M. NEDİM HAZAR | YORUM

Bugünkü analize geçmeden önce bir hakikat-ı sabiti yazmak gerekiyor. Tayyip Erdoğan’ın Gülen ve Hizmet Hareketi nefreti her şeyin üzerinde ve önündedir. Erdoğan bazılarının ifade ettiği gibi, “gerekirse ahiretimi feda etme pahasına” diyerek çıtayı koyduğu yeri net olarak göstermiştir.

Vaktiyle Hind Nefreti diye bir yazı kaleme almıştım. Okumaya vakti olmayanlar için özetleyeyim:

Ebû Süfyân’ın hanımı ve Mu’aviye’nin annesi olan Hind b. Utbe. Bedir’de babası Utbe bin Rebia’yı kaybetmiştir. Savaşın gerekçesi ve haklı/haksızlık umurunda bile değildir Hind’in. Kocası Ebu Süfyan’ı bile korkaklık ve fırsatçılıkla suçlar. İntikam ateşiyle yanıp tutuşurken Hz. Vahşi’ye gider. Hz. Hamza efendimizin öldürülmesi karşılığında özgürlük ve zenginlik vaat eder.

Gözünü bürüyen intikam hissi, o kadar kuşatmıştır ki, canını almak yeterli olmayacaktır düşmanının. Ölü bedenin göğsünü yarıp kalbini/ciğerini çıkarıp çiğnemek bile yatıştırmaz nefretini.

Hind’in nefretiyle kuşatıldık adeta. Hasım olarak gördüklerimizi yok etmek yeterli bile gelmiyor. Atılan tekmeler, vurulan darbeler, entrikalar, iftiralar yeterli olmuyor adeta. Göğsünü yarıp kalbini, ciğerini çiğnemek istiyor nefret ile kuşananlar.

İşte Erdoğan’ın Cemaat nefreti Hind’inkinden bile fazladır.

Cemaate yaptığı ve yapacağı hiçbir kötülük onun yüreğini soğutmaz, soğutmayacaktır. Dolayısıyla, -tabii bunu samimi olarak söyleyenleri kast ediyorum- “Özür dilensin, Cemaat faaliyetlerini durdursun!” filan hikayedir. Tayyip Erdoğan’ı zerre miktar tanımamaktır.

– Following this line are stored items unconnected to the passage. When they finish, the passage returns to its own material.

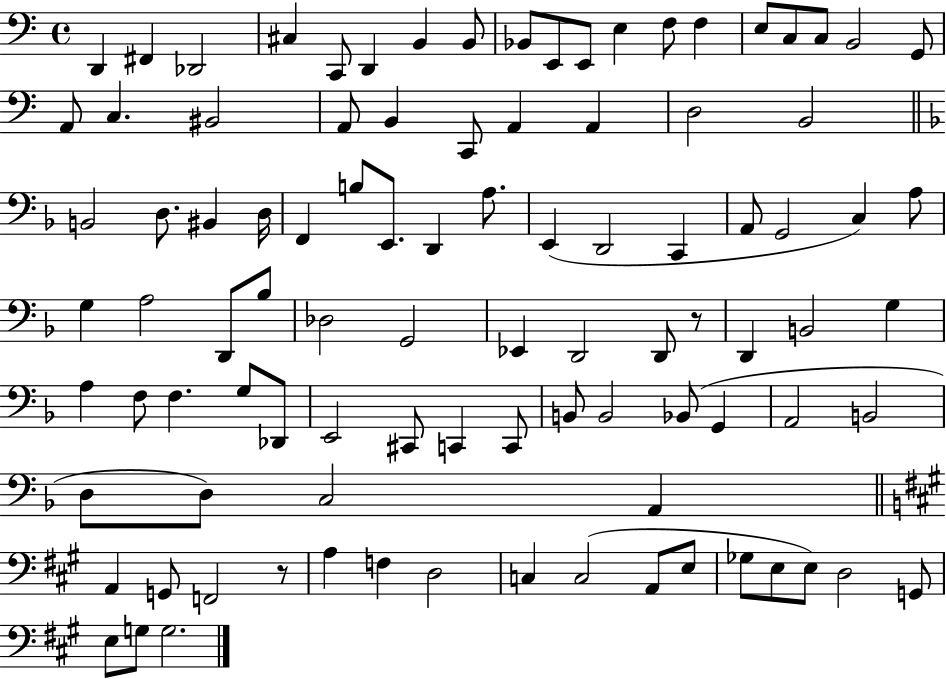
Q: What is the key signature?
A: C major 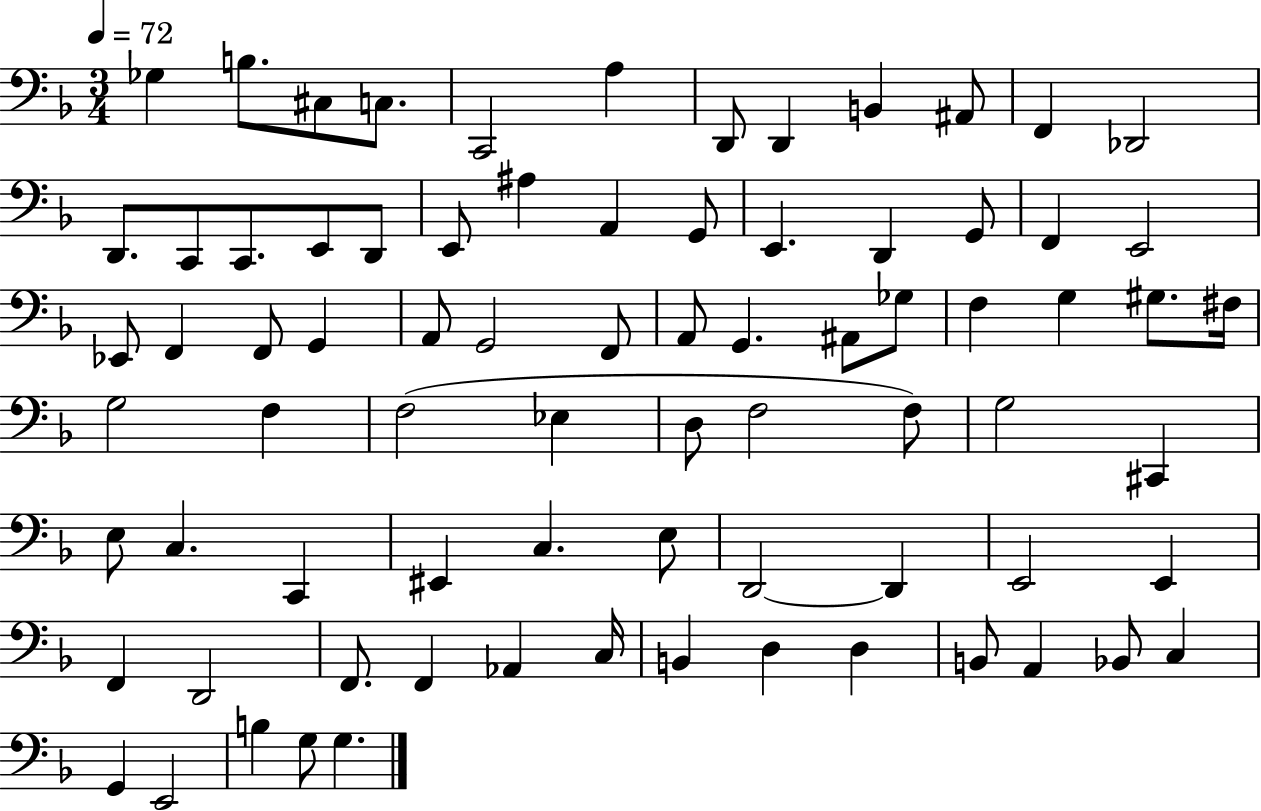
X:1
T:Untitled
M:3/4
L:1/4
K:F
_G, B,/2 ^C,/2 C,/2 C,,2 A, D,,/2 D,, B,, ^A,,/2 F,, _D,,2 D,,/2 C,,/2 C,,/2 E,,/2 D,,/2 E,,/2 ^A, A,, G,,/2 E,, D,, G,,/2 F,, E,,2 _E,,/2 F,, F,,/2 G,, A,,/2 G,,2 F,,/2 A,,/2 G,, ^A,,/2 _G,/2 F, G, ^G,/2 ^F,/4 G,2 F, F,2 _E, D,/2 F,2 F,/2 G,2 ^C,, E,/2 C, C,, ^E,, C, E,/2 D,,2 D,, E,,2 E,, F,, D,,2 F,,/2 F,, _A,, C,/4 B,, D, D, B,,/2 A,, _B,,/2 C, G,, E,,2 B, G,/2 G,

Evet tahmin edeceğiniz üzere, bugünkü konumuz, fesih tartışmaları vesilesiyle bir soruya cevap aramak: Cemaat biter mi?

Şahsen Hizmet ile Cemaat’in farklı kavramlar olduğunu acizane daha önce birkaç sefer izah etmeye çalışmıştım. O konuya tekrar girmeyeceğim.

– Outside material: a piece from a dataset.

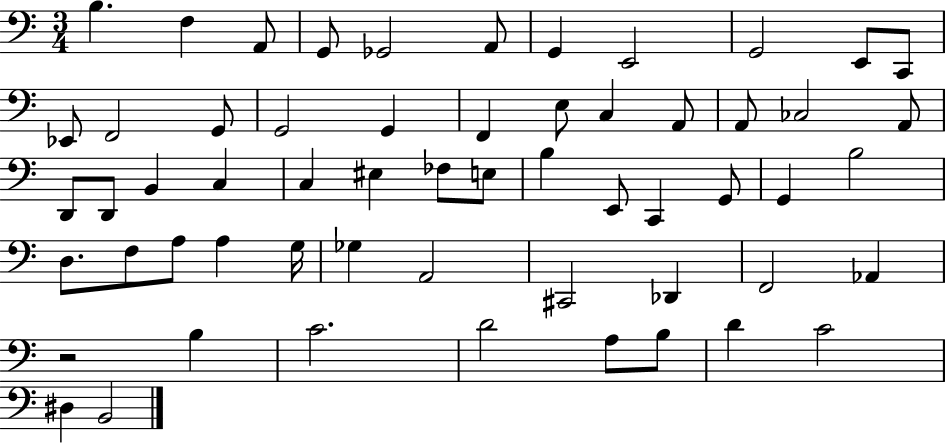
B3/q. F3/q A2/e G2/e Gb2/h A2/e G2/q E2/h G2/h E2/e C2/e Eb2/e F2/h G2/e G2/h G2/q F2/q E3/e C3/q A2/e A2/e CES3/h A2/e D2/e D2/e B2/q C3/q C3/q EIS3/q FES3/e E3/e B3/q E2/e C2/q G2/e G2/q B3/h D3/e. F3/e A3/e A3/q G3/s Gb3/q A2/h C#2/h Db2/q F2/h Ab2/q R/h B3/q C4/h. D4/h A3/e B3/e D4/q C4/h D#3/q B2/h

Bu sorunun cevabının peşine düşelim şimdi. Sorunun cevabının iki boyutu var. Biri manevi olarak, diğeri sosyolojik olarak.

Âdetullah ve kitle sosyolojisi bakımından konuyu ele almamız gerekiyor. Hizmet Hareketi özelinde söylemiyorum, hatta dini cemaat ve topluluk bağlamında bile söylemiyorum, bırakınız manevi/dini bir sosyal grubun, seküler, hatta şeytani bile olsa bu tür oluşumların tamamen yok olması âdetullaha terstir.

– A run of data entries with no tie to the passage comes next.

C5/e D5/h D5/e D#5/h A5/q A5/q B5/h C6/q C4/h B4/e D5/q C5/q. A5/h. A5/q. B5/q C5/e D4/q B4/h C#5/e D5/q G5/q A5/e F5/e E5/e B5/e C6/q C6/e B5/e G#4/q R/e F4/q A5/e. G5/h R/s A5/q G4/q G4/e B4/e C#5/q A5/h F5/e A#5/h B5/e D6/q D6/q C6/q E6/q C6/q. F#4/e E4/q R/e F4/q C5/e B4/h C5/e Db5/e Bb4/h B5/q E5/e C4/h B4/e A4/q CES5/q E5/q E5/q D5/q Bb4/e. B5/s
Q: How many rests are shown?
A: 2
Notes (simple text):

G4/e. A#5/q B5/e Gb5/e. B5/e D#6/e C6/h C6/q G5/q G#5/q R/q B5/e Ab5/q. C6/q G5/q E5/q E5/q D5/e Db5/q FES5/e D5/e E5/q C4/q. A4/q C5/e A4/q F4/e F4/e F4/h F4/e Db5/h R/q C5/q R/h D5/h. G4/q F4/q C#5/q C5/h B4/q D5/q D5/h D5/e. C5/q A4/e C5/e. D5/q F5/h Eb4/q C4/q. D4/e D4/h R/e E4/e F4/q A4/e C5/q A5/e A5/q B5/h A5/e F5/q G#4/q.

Evet, büyük baskı ve zulüm görebilirler, azalabilip hatta tamamen -sayısal bağlamda- bitebilirler. Fakat bir şekilde tekrar hayat bulup devam edeceklerdir. Tarih, değil birkaç yıl, birkaç yüzyıl hiç inananı ve seveni olmadığı halde, yüzyıllar sonra birinin “Atalarımın böyle bir inanışı varmış” diyerek tekrar dirilttiği sosyal ve manevi inanç ve hareketlerle doludur.

Merhum Fethullah Gülen Hocaefendi, Talak suresini tefsir ederken, ikinci ayette âdetullah ve sünnetullah kavramlarını “Şeriat-ı fıtriye” olarak niteliyor ve müminlerin kudret ve meşîetin düsturlarına da riayet ederlerse, Allah’ın içine düşülen çeşitli ölçek ve derinlikteki sıkıntılardan kurtaracağını, hesapları aşkın eltâf-ı sübhaniyesiyle iltifatlandıracağını söylüyor.

Demek ki, bırakınız bir yok oluş, aksine tam tersi bir lütuf ve tabiri caizse “bonus” ile karşılaşmak bile mümkün!

Gelelim meselenin ikinci boyutuna.

Eşyanın tabiatı denilen bir kavram var. “Eşyanın tabiatı”, terimi, nesnelerin, şeylerin veya genel olarak dünyanın doğal yapısını, özünü ve özelliklerini ifade eder. Bu, hem fiziksel hem de bazen metaforik anlamda kullanılabilir. Eşyanın tabiatı, bir şeyin doğal olarak sahip olduğu özellikler, davranışlar ve işlevler anlamına gelir.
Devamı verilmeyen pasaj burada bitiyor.